__What this task involves__. Which lines below fall between the one containing "Encore® Brass Chrome" and the one containing "Baby girl yellow"? Repeat them exactly, counting both of those lines, and add nothing else.

__Given information__.
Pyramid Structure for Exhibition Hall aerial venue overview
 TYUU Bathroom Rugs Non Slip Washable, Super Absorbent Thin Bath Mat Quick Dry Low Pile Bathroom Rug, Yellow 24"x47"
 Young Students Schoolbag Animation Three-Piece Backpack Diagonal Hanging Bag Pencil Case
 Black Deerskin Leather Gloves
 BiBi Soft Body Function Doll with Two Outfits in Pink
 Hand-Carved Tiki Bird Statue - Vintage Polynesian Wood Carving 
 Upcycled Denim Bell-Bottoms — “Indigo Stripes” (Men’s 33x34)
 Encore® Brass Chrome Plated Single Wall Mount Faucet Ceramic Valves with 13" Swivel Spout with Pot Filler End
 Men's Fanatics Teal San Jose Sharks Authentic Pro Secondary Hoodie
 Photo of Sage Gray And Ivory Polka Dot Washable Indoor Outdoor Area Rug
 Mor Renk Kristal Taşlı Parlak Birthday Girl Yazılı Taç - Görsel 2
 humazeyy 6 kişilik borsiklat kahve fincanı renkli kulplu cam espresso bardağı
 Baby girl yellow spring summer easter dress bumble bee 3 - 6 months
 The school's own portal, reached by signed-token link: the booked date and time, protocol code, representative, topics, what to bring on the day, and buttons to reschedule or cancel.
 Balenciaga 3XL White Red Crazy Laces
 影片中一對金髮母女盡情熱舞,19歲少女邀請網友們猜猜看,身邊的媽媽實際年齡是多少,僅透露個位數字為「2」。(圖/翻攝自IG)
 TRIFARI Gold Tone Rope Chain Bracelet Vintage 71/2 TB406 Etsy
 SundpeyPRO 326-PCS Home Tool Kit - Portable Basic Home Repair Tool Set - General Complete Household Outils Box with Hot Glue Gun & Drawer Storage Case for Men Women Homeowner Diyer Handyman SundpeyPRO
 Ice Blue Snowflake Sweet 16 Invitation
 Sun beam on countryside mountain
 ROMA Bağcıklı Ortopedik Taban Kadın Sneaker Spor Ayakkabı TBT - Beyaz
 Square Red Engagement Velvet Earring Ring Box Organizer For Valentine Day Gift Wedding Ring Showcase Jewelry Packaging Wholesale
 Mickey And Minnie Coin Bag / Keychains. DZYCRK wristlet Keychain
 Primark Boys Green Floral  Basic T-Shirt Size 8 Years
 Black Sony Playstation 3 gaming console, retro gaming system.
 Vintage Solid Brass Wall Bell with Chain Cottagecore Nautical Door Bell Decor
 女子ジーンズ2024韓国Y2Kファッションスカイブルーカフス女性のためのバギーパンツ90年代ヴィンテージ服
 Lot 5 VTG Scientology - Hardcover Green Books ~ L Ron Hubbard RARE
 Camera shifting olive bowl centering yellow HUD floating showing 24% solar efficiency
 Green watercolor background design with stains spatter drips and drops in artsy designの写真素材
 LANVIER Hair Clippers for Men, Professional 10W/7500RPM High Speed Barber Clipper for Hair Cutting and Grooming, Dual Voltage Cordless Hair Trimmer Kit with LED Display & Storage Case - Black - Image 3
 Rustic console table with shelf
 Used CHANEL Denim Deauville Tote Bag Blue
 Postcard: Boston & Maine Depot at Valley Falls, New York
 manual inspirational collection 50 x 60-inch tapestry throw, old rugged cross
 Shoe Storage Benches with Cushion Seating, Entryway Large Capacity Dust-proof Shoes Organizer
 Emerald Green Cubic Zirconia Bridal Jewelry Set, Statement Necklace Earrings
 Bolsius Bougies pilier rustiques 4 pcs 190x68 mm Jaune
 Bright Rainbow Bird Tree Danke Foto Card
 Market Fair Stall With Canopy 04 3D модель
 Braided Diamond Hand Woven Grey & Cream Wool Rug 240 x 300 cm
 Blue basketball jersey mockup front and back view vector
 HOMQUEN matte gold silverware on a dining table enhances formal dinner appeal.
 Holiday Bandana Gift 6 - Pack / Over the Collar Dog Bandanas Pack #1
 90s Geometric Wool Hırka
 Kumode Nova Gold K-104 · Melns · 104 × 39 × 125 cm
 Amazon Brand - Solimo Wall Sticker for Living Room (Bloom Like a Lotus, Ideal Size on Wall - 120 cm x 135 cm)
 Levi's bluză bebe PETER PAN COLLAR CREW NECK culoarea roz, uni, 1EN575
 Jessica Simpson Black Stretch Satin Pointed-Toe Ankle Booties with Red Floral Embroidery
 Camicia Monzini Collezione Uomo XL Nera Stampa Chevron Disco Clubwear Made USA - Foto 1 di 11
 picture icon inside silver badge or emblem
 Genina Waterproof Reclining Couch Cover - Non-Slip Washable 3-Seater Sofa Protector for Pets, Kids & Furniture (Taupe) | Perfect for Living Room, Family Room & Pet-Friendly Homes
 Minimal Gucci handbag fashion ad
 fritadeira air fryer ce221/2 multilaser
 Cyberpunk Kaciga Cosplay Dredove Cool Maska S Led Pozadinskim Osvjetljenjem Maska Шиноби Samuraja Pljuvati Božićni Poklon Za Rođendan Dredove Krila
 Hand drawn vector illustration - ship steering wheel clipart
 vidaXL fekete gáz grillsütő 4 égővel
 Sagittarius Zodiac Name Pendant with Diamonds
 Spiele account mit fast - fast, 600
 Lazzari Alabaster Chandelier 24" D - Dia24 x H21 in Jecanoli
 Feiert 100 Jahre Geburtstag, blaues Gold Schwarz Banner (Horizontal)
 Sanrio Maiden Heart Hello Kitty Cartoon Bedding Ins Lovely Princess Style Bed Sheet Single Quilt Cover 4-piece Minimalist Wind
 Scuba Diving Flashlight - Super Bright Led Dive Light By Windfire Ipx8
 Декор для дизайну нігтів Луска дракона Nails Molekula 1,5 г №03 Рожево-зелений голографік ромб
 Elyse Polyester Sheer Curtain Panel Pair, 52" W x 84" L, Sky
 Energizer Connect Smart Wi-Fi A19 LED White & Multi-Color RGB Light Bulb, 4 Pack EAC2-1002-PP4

__Result of the exercise__.
 Encore® Brass Chrome Plated Single Wall Mount Faucet Ceramic Valves with 13" Swivel Spout with Pot Filler End
 Men's Fanatics Teal San Jose Sharks Authentic Pro Secondary Hoodie
 Photo of Sage Gray And Ivory Polka Dot Washable Indoor Outdoor Area Rug
 Mor Renk Kristal Taşlı Parlak Birthday Girl Yazılı Taç - Görsel 2
 humazeyy 6 kişilik borsiklat kahve fincanı renkli kulplu cam espresso bardağı
 Baby girl yellow spring summer easter dress bumble bee 3 - 6 months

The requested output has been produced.